There are many reasons why diferent actors would want companies to report this information. First, it makes it easier to benchmark the performance of individual firms. This enables government, shareholders and activists to identify and praise the environmental leaders and criticise the laggards. Such pressure, it is hoped, will pressure companies faster voluntary action to reduce emissions.

The second, and to my mind more important rationale, is that mandatory carbon footprints provides greater access to a very powerful management tool for large and small companies alike. Carbon footprinting provides an opportunity for managers to look at their company from a new perspective. In addition to helping benchmarking against the competition, understanding and tackling your corporate carbon footprint provides five key benefits:

  1. Reducing costs: As a company, your biggest sources of carbon emissions are often items that cost you money: fuel, electricity, raw materials, and waste disposal. Using these resources more efficiently can trim your carbon footprint while helping your bottom line.
  2. Developing new business opportunities: The "green and ethical" consumer market was worth £30 billion in 2006 and continues to grow rapidly. Companies that can respond to this opportunity new lower-carbon products and services stand to gain competitive advantage.
  3. Engaging staff and customers: As I pointed out in an earlier post, employees expect their companies to be good environmental citizens. Developing a carbon footprint reduction strategy is a way to involve a cross section of staff in an exciting new initiative, secure a visible commitment from senior management, and strengthen morale.
  4. Strengthening the brand: A report by the Carbon Trust indicates that climate change has put over £20 billion pounds of brand equity at risk. Communicating your low-carbon credentials in an effective manner can help companies protect and strengthen their brand in a low-carbon economy. For example, Walkers gained a tremendous amount of free publicity when it put carbon footprint labels on its potato chips. More and more companies are joining in.
  5. Increasing peace of mind: Climate change creates winners and losers. Government policies, customer buying behaviour, investment criteria and business costs all change when we shift to a low-carbon economy. Measuring and analysing the corporate carbon footprint is the first step in understanding how climate change affects the company.

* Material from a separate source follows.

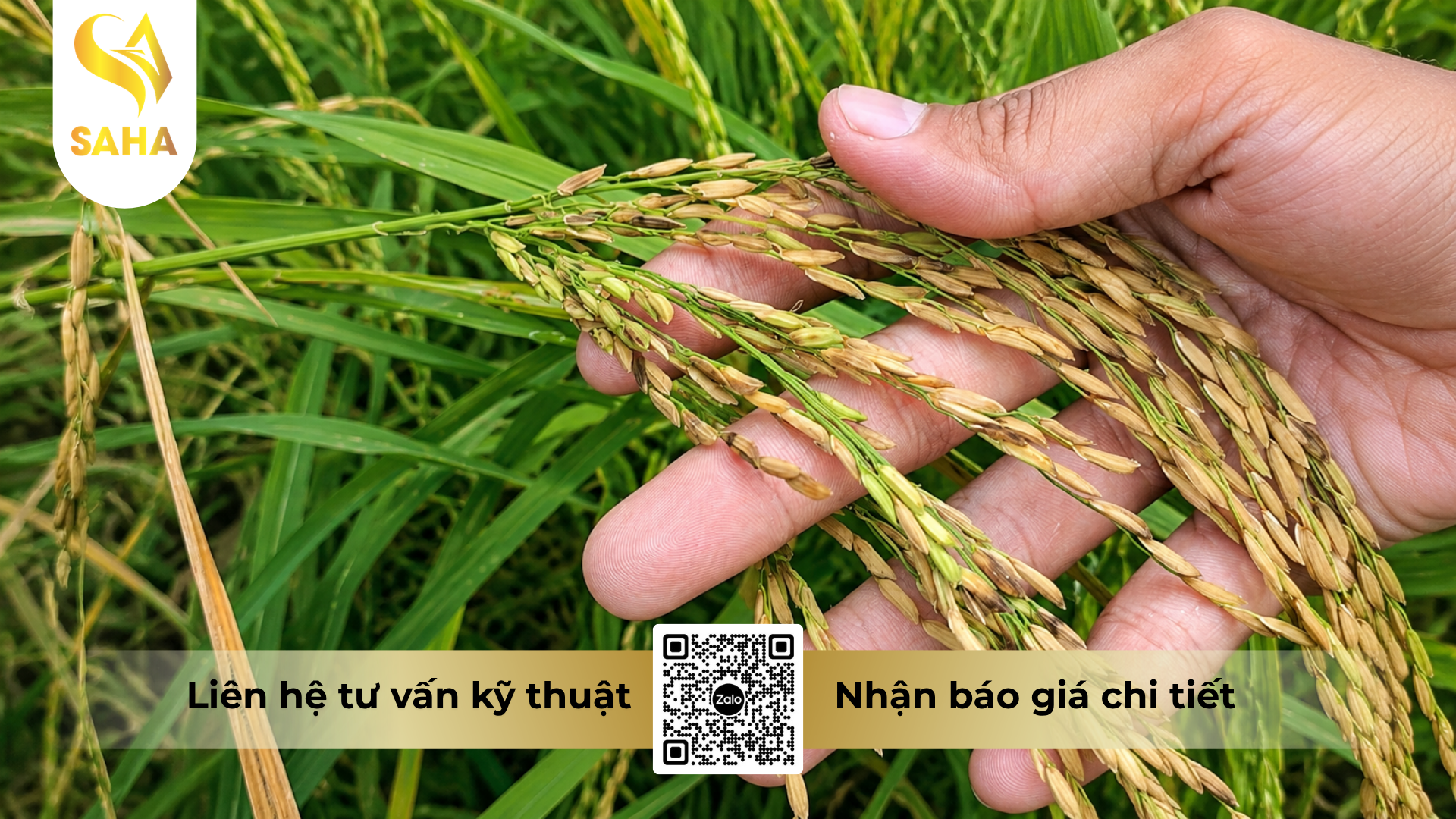 cong-dung-cua-thuoc-tru-benh-japa-vil-110sc-hieu-hexafull-110.png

That knowledge helps managers increase the likelihood that their company is a winner.

It's a shame that the Independent article doesn't mention any of these benefits. The main response they highlight from a business spokesperson is a negative one:

"The CBI said on Friday in response to the news that although it endorsed mandatory reporting and would like to see it implemented by 2013, the definition of carbon emissions was not sufficiently developed for the move to be introduced this year."

In fact, Carbon Clear and major corporations around the world have been using an international standard, ISO 14064-1, to measure carbon footprints for years. That standard was released two years ago and has been used by hundreds of governments, small businesses and multinational corporations. Other listed companies around the world are already reporting their emissions under a variant of this standard for the Carbon Disclosure Project. So the main objection to mandatory reporting - that there's no standard definition - goes away.

We'll keep watching as government policy evolves. After all, at Carbon Clear, we help companies and individuals take action to tackle climate change and gain as much benefit as possible from the shift to a low-carbon economy. The more tools we can give our partners, the better.